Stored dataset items
*** Begin section ***
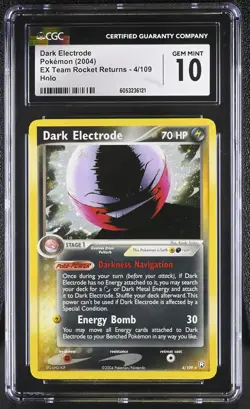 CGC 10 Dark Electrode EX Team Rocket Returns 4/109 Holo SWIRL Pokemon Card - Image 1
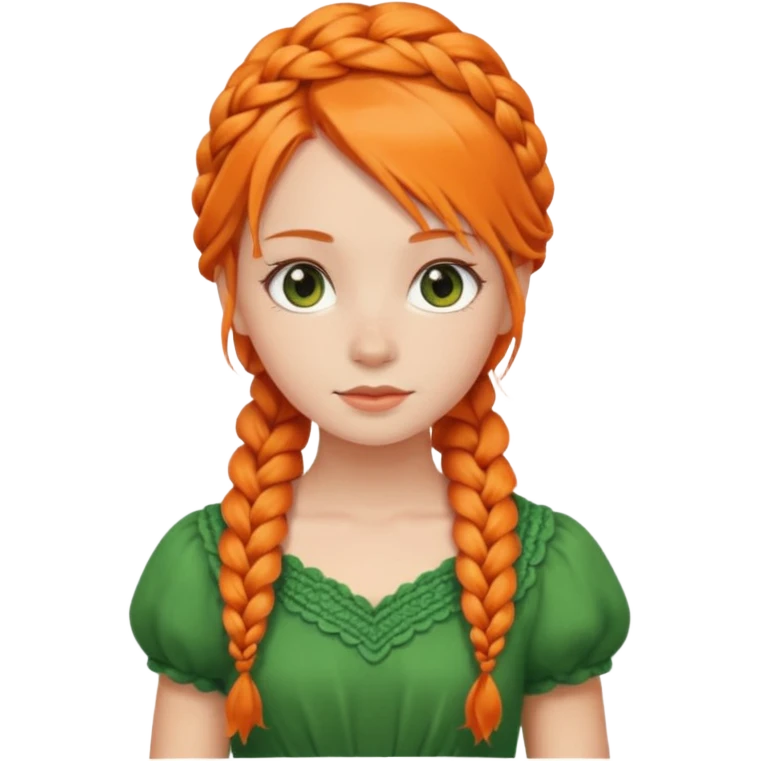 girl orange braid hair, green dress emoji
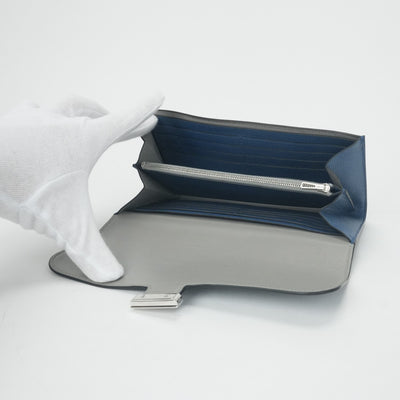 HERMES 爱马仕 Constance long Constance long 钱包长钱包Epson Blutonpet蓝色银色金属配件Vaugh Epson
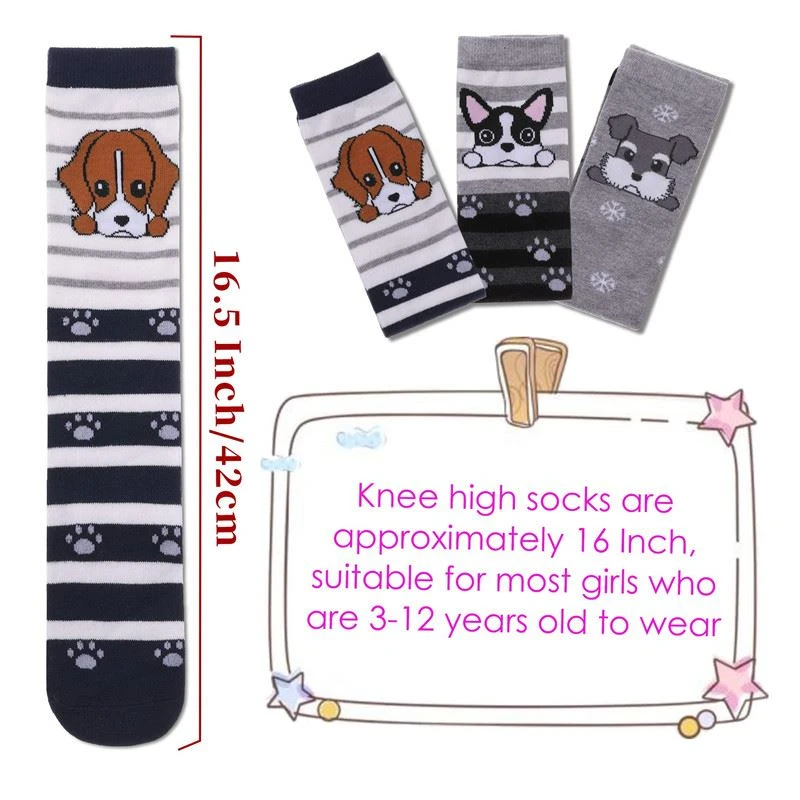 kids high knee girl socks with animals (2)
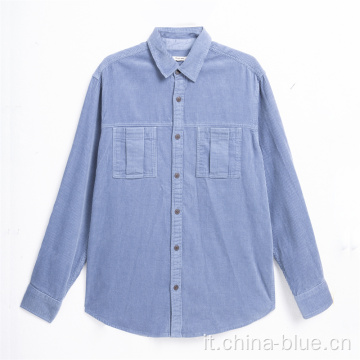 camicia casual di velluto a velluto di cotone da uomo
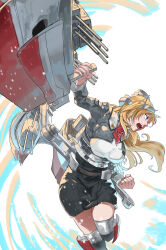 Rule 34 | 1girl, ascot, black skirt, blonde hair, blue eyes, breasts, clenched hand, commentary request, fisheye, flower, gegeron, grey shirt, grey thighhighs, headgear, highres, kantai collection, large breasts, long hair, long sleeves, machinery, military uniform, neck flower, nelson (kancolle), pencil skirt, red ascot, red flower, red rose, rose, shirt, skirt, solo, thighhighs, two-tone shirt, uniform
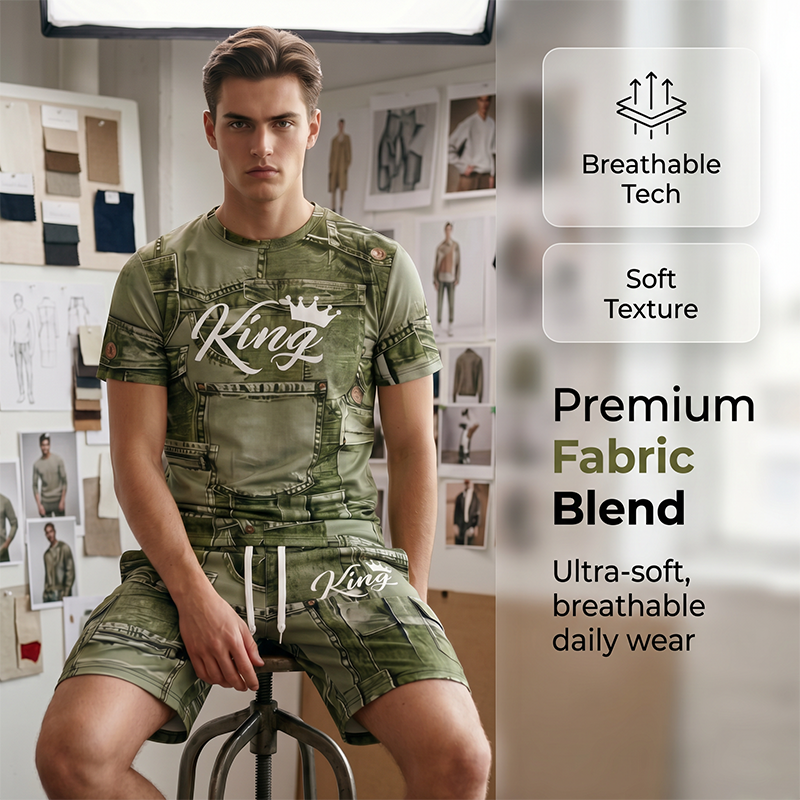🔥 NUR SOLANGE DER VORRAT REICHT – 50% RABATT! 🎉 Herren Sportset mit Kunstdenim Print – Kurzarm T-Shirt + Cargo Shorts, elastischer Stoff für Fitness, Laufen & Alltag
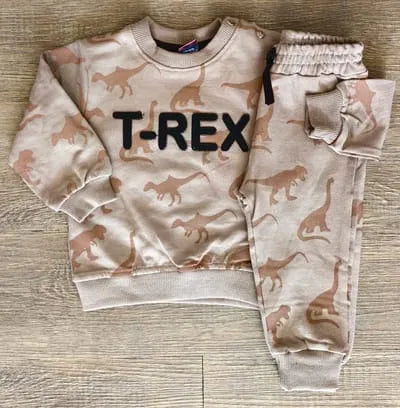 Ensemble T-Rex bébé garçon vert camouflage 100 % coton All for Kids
*** End section ***
Directions for this task
Reproduce, without alteration and without pictures, only those lines that lie between the first line of the entries above and the line containing "kids high knee girl socks with animals (2)", both of them included.

Solution to this task
 CGC 10 Dark Electrode EX Team Rocket Returns 4/109 Holo SWIRL Pokemon Card - Image 1
 girl orange braid hair, green dress emoji
 HERMES 爱马仕 Constance long Constance long 钱包长钱包Epson Blutonpet蓝色银色金属配件Vaugh Epson
 kids high knee girl socks with animals (2)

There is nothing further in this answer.